## What to do:
Exact copy, pictures excluded: write out every line below.

## Given records:
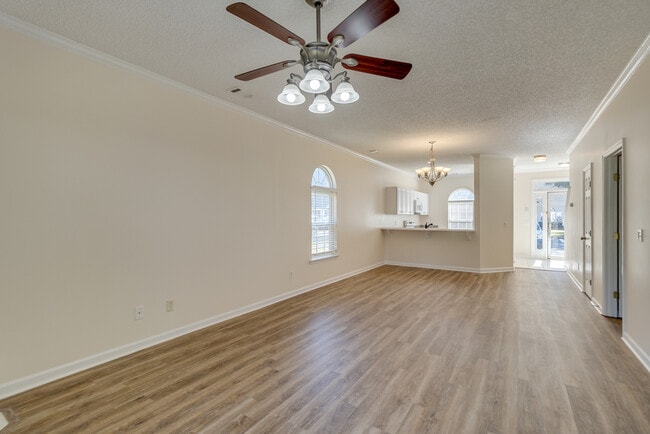 Building Photo - 35 Putters Pl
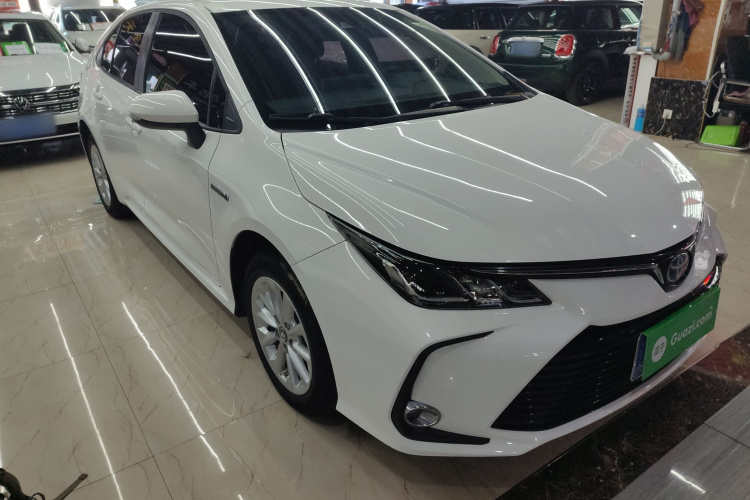 丰田 卡罗拉 2021款 双擎 1.8L E-CVT精英版车身外观3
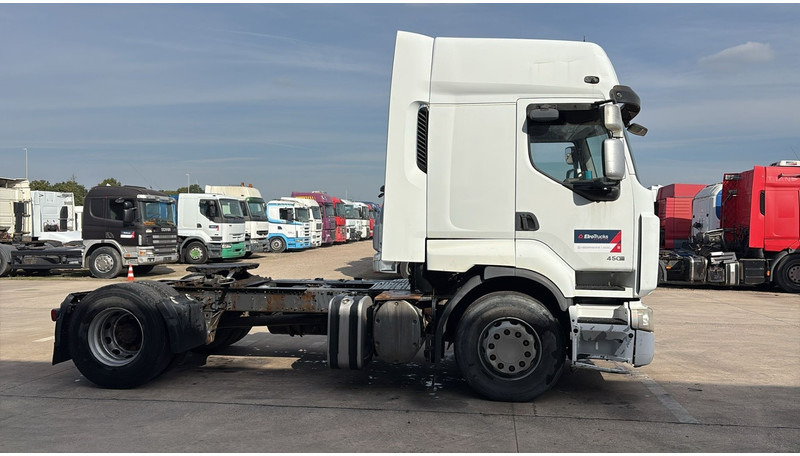 Renault Premium 440 DXI (BOITE MANUELLE / MANUAL GEARBOX) - 트랙터 유닛 : 사진 4 Renault Premium 440 DXI (BOITE MANUELLE / MANUAL GEARBOX) - 트랙터 유닛 : 사진 4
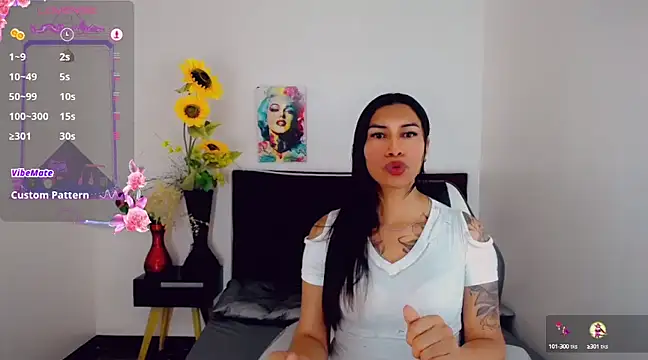 Snapshot of khiara_moretti chatting on 03.18.25 khiara moretti online show from 03.18.25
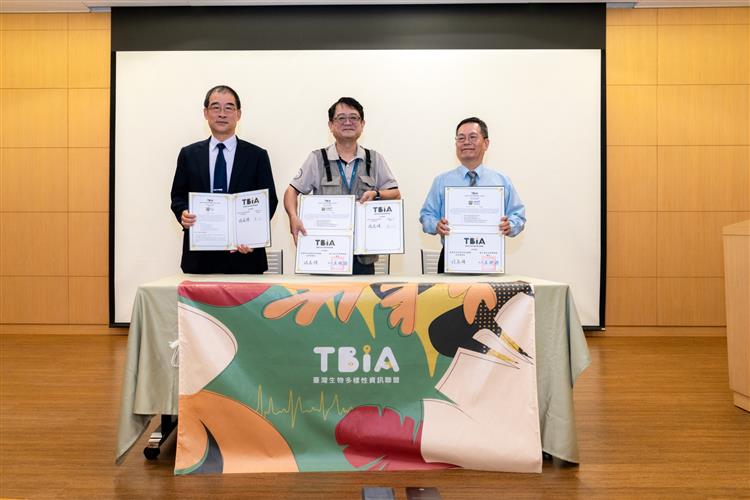 台電今（11）日與臺灣生物多樣性資訊聯盟委員會共同簽署合作意向（MOA），由台電總經理郭天合(左)與聯盟委員會會長楊嘉棟(中)代表簽署。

## Written answer:
 Building Photo - 35 Putters Pl
 丰田 卡罗拉 2021款 双擎 1.8L E-CVT精英版车身外观3
 Renault Premium 440 DXI (BOITE MANUELLE / MANUAL GEARBOX) - 트랙터 유닛 : 사진 4 Renault Premium 440 DXI (BOITE MANUELLE / MANUAL GEARBOX) - 트랙터 유닛 : 사진 4
 Snapshot of khiara_moretti chatting on 03.18.25 khiara moretti online show from 03.18.25
 台電今（11）日與臺灣生物多樣性資訊聯盟委員會共同簽署合作意向（MOA），由台電總經理郭天合(左)與聯盟委員會會長楊嘉棟(中)代表簽署。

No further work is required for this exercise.